Adam Silverman and Nader Tehrani

Adam Silverman and Nader Tehrani met while pursuing their Bachelor of Architecture degrees at Rhode Island School of Design. Silverman is now an artist and potter who opened his own studio, Atwater Pottery, in 2003 and exhibits in the U.S and Asia. Tehrani is co-principal architect of Boston-based Office dA, and is an Associate Professor of Architecture at MIT.

More on Adam Silverman

Born in New York in 1963, Silverman majored in Ceramic Arts for a year at the University of Colorado before transferring to the Rhode Island School of Design (RISD). While at RISD, Silverman studied architecture, art and design, but continued to practice pottery in his own time.

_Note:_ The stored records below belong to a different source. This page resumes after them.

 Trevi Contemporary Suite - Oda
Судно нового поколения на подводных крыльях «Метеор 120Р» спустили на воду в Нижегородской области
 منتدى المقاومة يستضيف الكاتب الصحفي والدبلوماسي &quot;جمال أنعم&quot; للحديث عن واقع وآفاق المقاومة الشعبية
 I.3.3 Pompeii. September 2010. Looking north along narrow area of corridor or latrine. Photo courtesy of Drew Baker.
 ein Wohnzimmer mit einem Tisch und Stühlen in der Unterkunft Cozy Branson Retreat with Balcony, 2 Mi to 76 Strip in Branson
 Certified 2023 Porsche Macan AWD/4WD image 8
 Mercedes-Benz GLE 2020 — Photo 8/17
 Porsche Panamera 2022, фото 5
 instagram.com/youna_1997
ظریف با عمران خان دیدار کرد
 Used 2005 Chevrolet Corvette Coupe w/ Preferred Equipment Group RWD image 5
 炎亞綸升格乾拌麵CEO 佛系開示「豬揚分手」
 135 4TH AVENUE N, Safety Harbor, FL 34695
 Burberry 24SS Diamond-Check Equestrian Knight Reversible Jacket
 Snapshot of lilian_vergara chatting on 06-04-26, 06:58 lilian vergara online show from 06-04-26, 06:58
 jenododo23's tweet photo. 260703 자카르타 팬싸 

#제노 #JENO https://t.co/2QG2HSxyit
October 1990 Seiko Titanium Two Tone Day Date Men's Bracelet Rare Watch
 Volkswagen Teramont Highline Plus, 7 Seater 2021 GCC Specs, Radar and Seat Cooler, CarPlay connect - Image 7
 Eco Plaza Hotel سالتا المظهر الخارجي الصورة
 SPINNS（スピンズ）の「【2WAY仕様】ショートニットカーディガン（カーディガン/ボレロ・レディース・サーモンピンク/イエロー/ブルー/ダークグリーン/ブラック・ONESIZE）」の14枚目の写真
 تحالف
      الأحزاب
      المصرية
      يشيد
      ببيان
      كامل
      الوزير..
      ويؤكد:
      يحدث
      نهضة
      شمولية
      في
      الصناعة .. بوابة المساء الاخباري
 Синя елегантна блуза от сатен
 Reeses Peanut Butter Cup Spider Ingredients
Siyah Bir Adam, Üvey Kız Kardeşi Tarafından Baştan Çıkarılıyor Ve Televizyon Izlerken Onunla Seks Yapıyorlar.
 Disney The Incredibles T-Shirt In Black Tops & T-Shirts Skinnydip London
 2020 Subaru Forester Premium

In 1988, following graduation, he moved to Los Angeles to pursue a career in architecture. After only a few years, Silverman began to focus his attention on clothing design. Together with two friends, he launched a punk skater clothing line called X-Large in 1991. Silverman, however, never lost interest in the ceramic arts. While working as both an architect and clothing designer, the artist maintained an independent studio where he could continue to work with clay. In 1998, Silverman ceased working in all mediums except ceramics. Five years later he started Atwater Pottery, named after his neighborhood in Los Angeles.

For Silverman, the seemingly varied practices of architecture, clothing design, and pottery are unified through formal and theoretical interests – structure and engineering or how each material relates to the human body. Over the years, his ceramic works have evolved from strictly functional to more process-oriented pieces. As he notes, in his work “formal issues of shape, scale, proportion, balance, weight, and surface treatment dovetail with issues of materials and methods of making. The intended results are abstract objects that contain, suggest, project, equally fundamental issues of meaning.”

Silverman currently serves as Studio Director of Heath Ceramics. His work has been shown internationally in museums and galleries including the Pasadena Museum of California Art; Pulliam Deffenbaugh Gallery, Portland; the Museum of Contemporary Craft, Portland; Lightbox in Los Angeles; and Starnet Zone in Mashiko, Japan. Silverman’s work will be on exhibition at the San Jose Museum of Art and the Museum of Contemporary Art in Los Angeles. Atwater Pottery has been featured in The New York Times, the Los Angeles Times, and GQ Magazine among others. Silverman is represented by Tomio Koyama in Tokyo.

More on Nader Tehrani

Born in London of Iranian descent, Boston-based architect Nader Tehrani moved to the United States in 1978, where he attended the Rhode Island School of Design (RISD), receiving a BFA and a BA in Architecture in 1985 and 1986 respectively. In 1987, he chose to continue his studies in the History and Theory program at the Architectural Association in London. Four years later, in 1991, Tehrani completed his Masters of Architecture in Urban Design at the Harvard Graduate School of Design.

Tehrani has been practicing architecture in Boston since 1987 and now heads the prestigious architectural firm, Office dA, in partnership with Monica Ponce de Leon. As an architecture and design firm working on projects both within the city of Boston and in locations worldwide, Office dA boasts work on a scale ranging from furniture to urban design and infrastructure. Each project completed by the architects at Office dA takes in to account the peculiarities of the site, the requirements of the program, and the specific needs of the target audience. To add to the unique vocabulary and impact of their work, Office dA often imports materials and methods of construction from areas outside the field of architecture.

In addition to his work with the Boston-based architectural firm, Tehrani is a tenured Associate Professor of Architecture at the Massachusetts Institute of Technology. He has also taught at the Harvard Graduate School of Design, RISD, and the Georgia Institute of Technology. Tehrani’s work has been recognized internationally with eleven Progressive Architecture awards, a Harleston Parker Award, an Academy Award from the American Academy of Arts and Letters, and more recently, the coveted Cooper-Hewitt, National Design Award for Architecture. The built work of Office dA includes the RISD Library, the Northeastern University Spiritual Life Center, as well as the renovation of the Harvard Graduate School of Design offices. Office dA has also worked on international projects including the Tongxian Arts Center in Beijing, the Elemental community project in Chile, and the Villa Moda Competition in Kuwait, among others.